At the Australian Association of Gerontology we are committed to having evidence trump stereotypes. We are particularly concerned about negative stereotyping of older people as individuals and as part of an ageing population – public discourses based on ageism rather than facts. A recent example of this is the idea gaining currency in some circles that the older generation are “leaners” rather than contributors and an unfair burden on the hardworking younger generation.
….. the Australian Ageing Agenda the fourth intergenerational report is due to be published soon. It will update the old age dependency ratios, which compare the proportion of the population of traditional working age with those who are over 65.
According to the third intergenerational report, these ratios are expected to reduce from 5 people of working age for every person aged 65 and over now to 2.7 to one by 2050. While these figures are based on accurate information, what concerns (me) is the way that these ratios are used in political and public debate to characterise older people as a burden on society.
The very term “old-age dependency” ratio implies that those who are over 64 are dependent on those between 18 and 64. It implies a one-way flow of resources and support, despite the fact that studies of intergenerational exchange consistently show that at an individual and family level, older people are much more likely to give material aid and support to younger people than the reverse.
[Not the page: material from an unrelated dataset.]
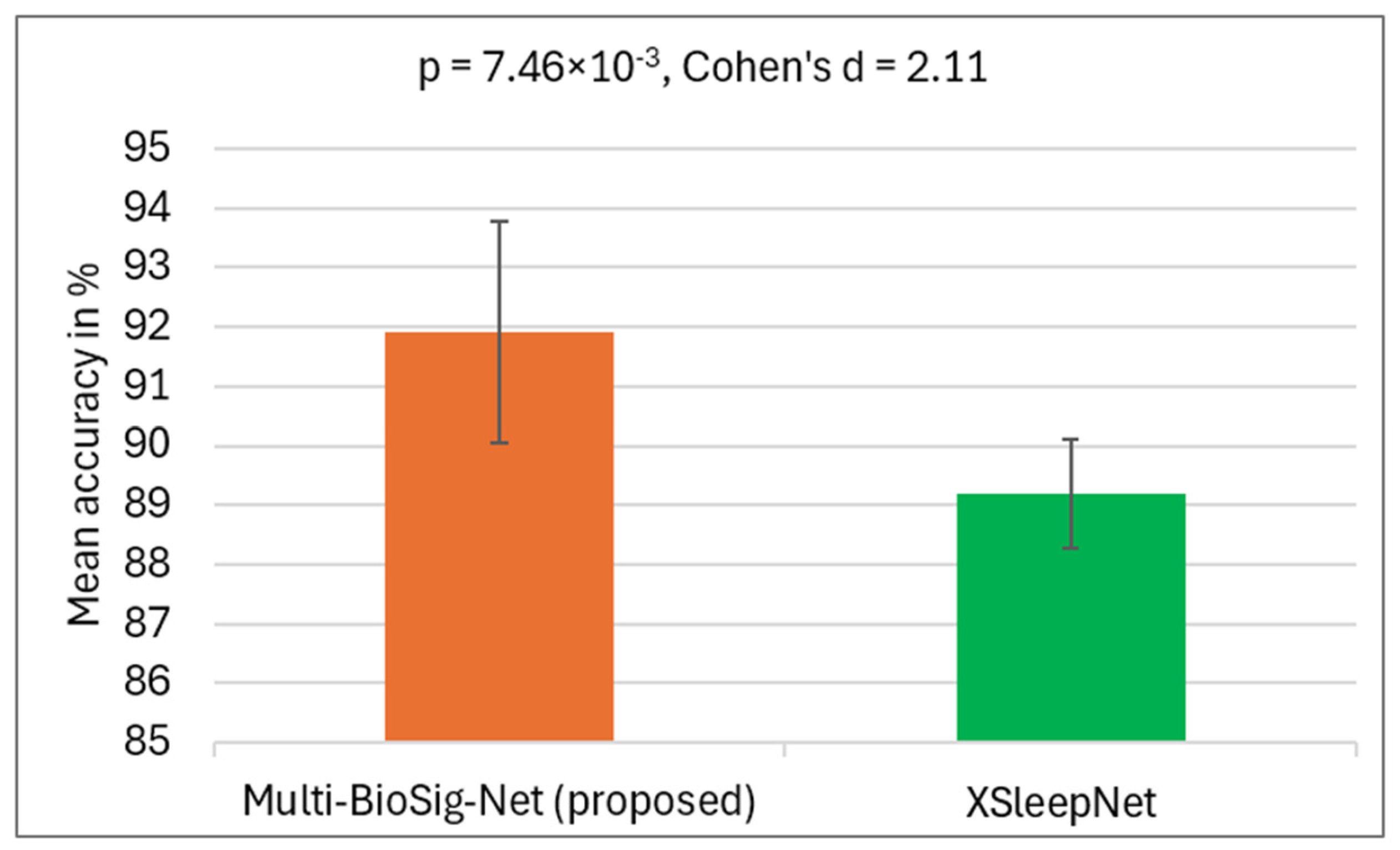 Fractalfract 09 00585 g007 Fractalfract 09 00585 g007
It leads people to assume that all older people are fully reliant on the younger taxpayers for their income whereas, in fact, less than half of people of pension age are full-pensioners, about a further quarter are part-pensioners and another quarter are fully self-funded. The latter groups are still paying taxes.
Furthermore, old age dependency ratios do not tell the full story. They do not measure workforce participation – they compare people in different age groups as if one age group is fully participating in the workforce and the other is not. A better measure would be of actual workforce participation of both groups. Participation amongst older groups, especially women, has increased dramatically in recent years. A recent report by the Centre of Excellence in Population Ageing Research (CEPAR) suggests that GDP could be improved by 2.4 per cent if all non-participating people over 55 who wanted to work could do so.
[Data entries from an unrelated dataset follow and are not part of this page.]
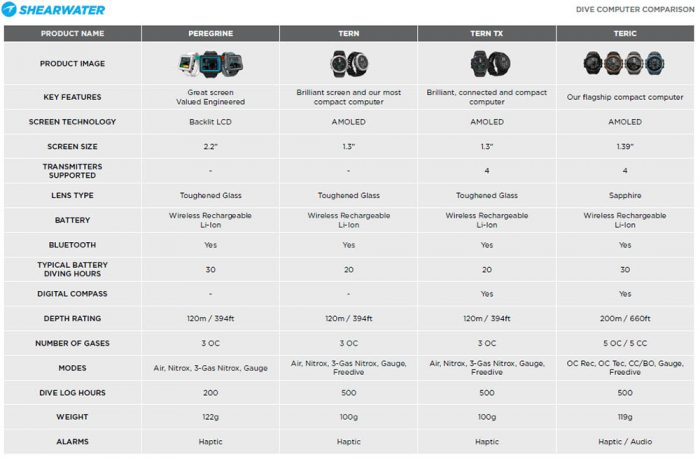 Komputer nurkowy Shearwater TERIC
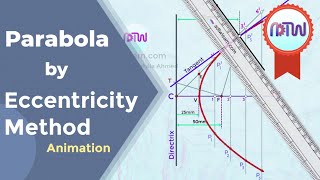 Parabola By Eccentricity Method  Parabola by directrix focus method [upl. by Anyalram446]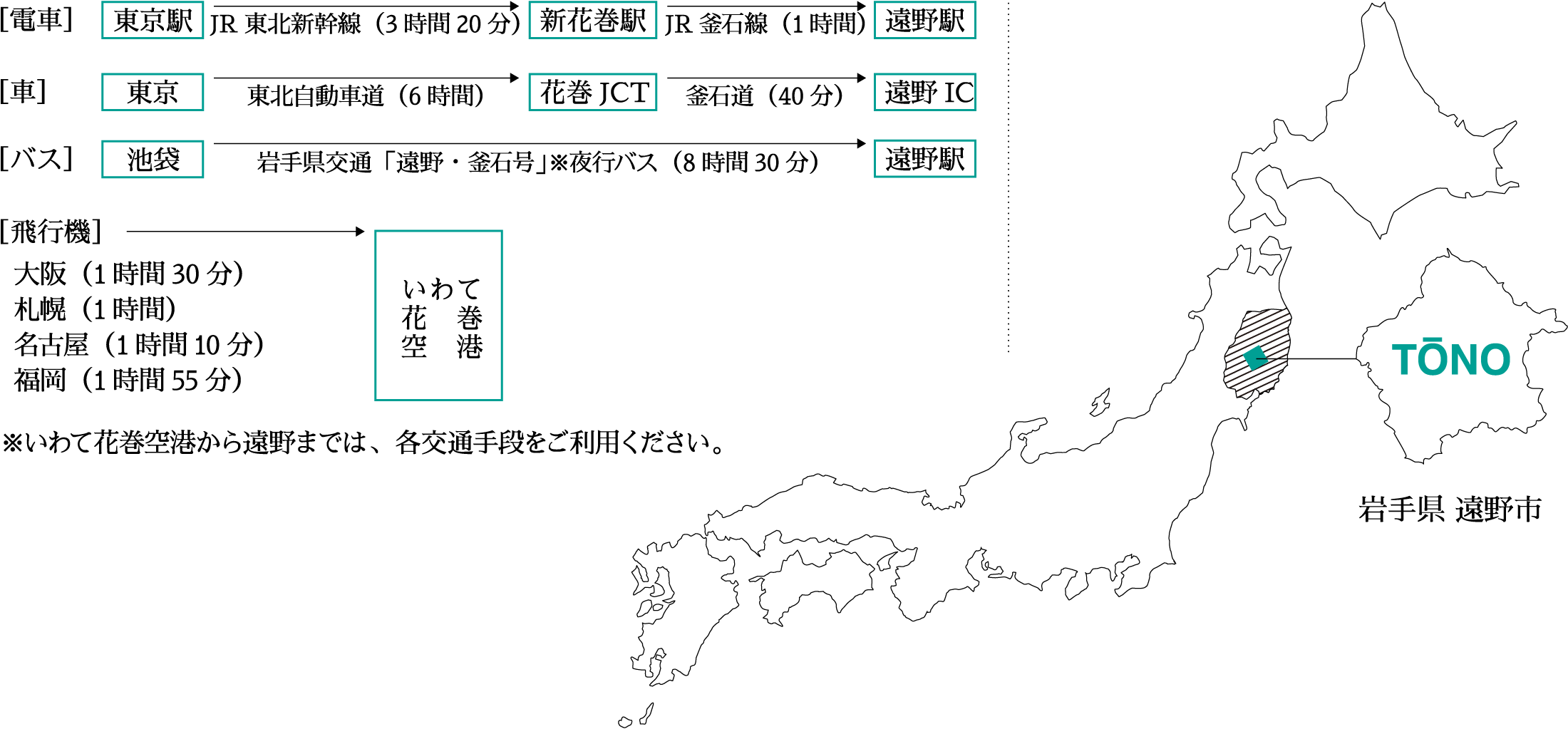 アクセス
But even if people over the age of 64 are not working that does not mean they are not contributing to productivity and social capital. It is well known that older people are much more likely than younger people to volunteer. They make up about one quarter of our population of carers, who as a group saved the taxpayer an estimated $40 billion per year in 2010; five years on, this figure will now be much higher. They enable younger people to go to work by looking after grandchildren. A recent COTA NSW report found that between 10 and 20 per cent of people over 64 were providing childcare for their grandchildren and the average amount of care was 12.7 hours per week, saving over $90 million a year in NSW alone.
I would like to see more of these measures of productivity included in any intergenerational analysis.
Dr Robert Butler first defined ageism in 1969 as “a process of systematic stereotyping or discrimination against people because they are old, just as racism and sexism accomplish with skin colour and gender”. Ageism, he stated, “allows the younger generation to see older people as different from themselves….”
The public discourse surrounding the old-age dependency ratios enables counter-productive intergenerational conflict. Those of working age are encouraged to believe that they are financially supporting the older generations to their own detriment. It ignores the fact that people over 65 were younger once and have probably spent a lifetime contributing as workers and taxpayers. It characterises older people as different from their younger counterparts and thereby enables intergenerational divisions and stereotyping.
There is little benefit in blaming the older generation for being born when they were. The main reason for declining old-age dependency ratios is the huge birth explosion after the Second World War and declining fertility since. It is nobody’s fault. At AAG (we) encourage the generations to work together to envisage a future where older people have every opportunity to participate and their participation is recognised and valued. This will benefit not only today’s older people but current younger generations if they are lucky enough to live to older age themselves one day.